Godwin Tsa, Abuja
Attempts by the All Progressives Congress (APC) to reclaim its mandate in Zamfara State failed on Monday as the Supreme Court struck out its application for a review of its May 24, 2019 judgment which nullified the victory of all the party’s candidates at 2019 general elections held in Zamfara State.
But not deterred, counsel to the party, Chief Robert Clarke (SAN), has vowed to re-file the application.
Justice Olabode Rhodes-Vivour who led a five-member panel of the Supreme Court, struck out the application in a unanimous decision.
The apex court predicated its decision on the grounds that the application was incompetent because all its judgments on the Zamfara legal tussle being challenged by the party were not attached to the application.
Justice Rhodes-Vivour who delivered the ruling said the applicant only attached the lead judgment and failed to exhibit the consenting judgments of the four other members of the panel which gave the May 24, 2019 verdict.

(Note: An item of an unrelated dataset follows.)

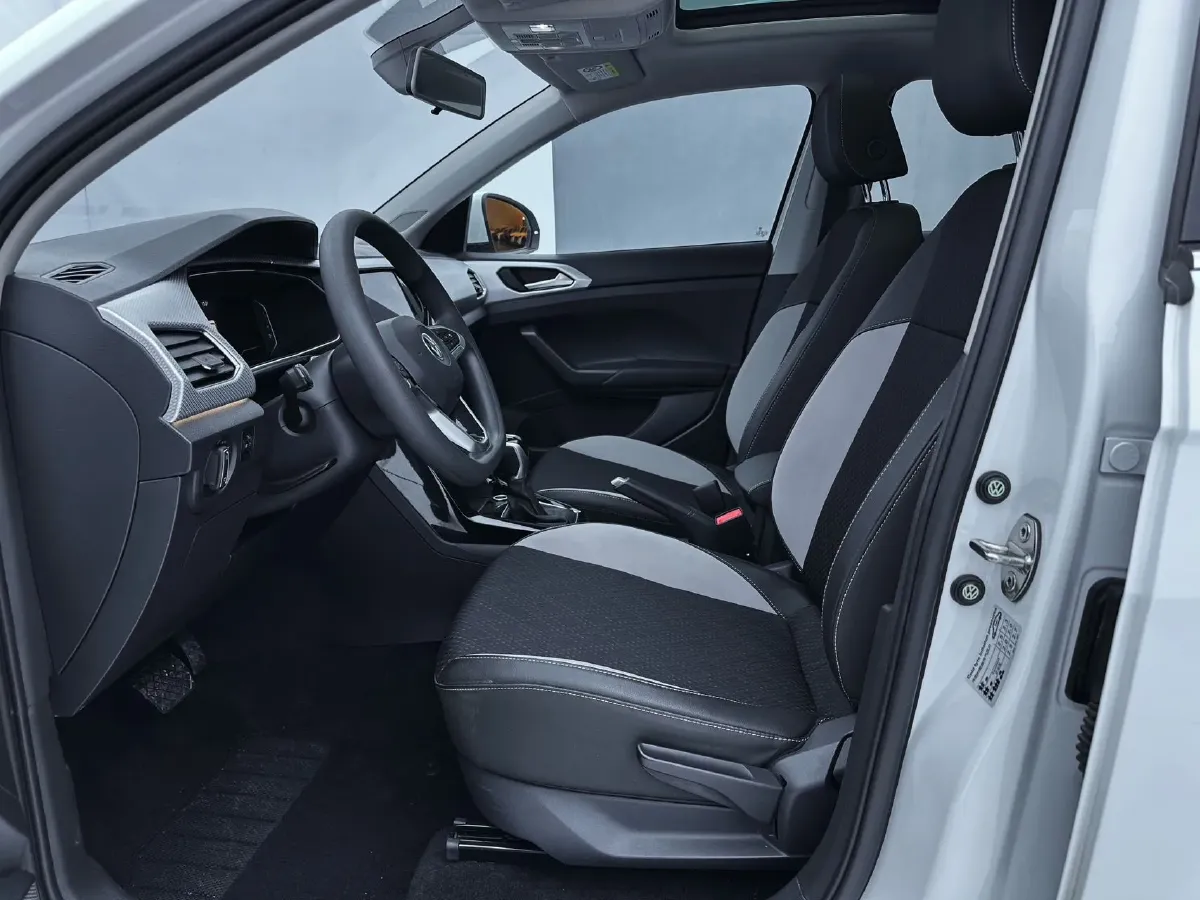 2021 Volkswagen Tacqua 1.5L 113HP L4 6AT,autocango,china used car exporter,china ev exporter,chinese used car exporter,chinese used ev exporter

“By our rules, the application is incompetent, and it is hereby struck out,” he ruled.
The Supreme Court had in a unanimous judgment delivered by a five-man panel led by the acting Chief Justice of Nigeria, Justice Tanko Muhammad, on May 24, 2019, declared that APC never conducted primary elections thus had no valid candidates for the general election.
The court had declared that all the votes credited to the party and its candidates in the elections were wasted.
The apex court consequently declared the first runners-up in the 2019 general elections in the state as the winners of all the offices earlier declared to have been won by the APC and its candidates.
The APC had been declared the winner of the governorship election, as well as the entire three senatorial seats, seven House of Representatives seats and the 24 House of Assembly seats, contested in the February 23 and March 11, 2019, general elections in the state.
With the governorship and deputy governorship seats which the party had won in the elections, the APC had won all the 36 elective offices available in the state.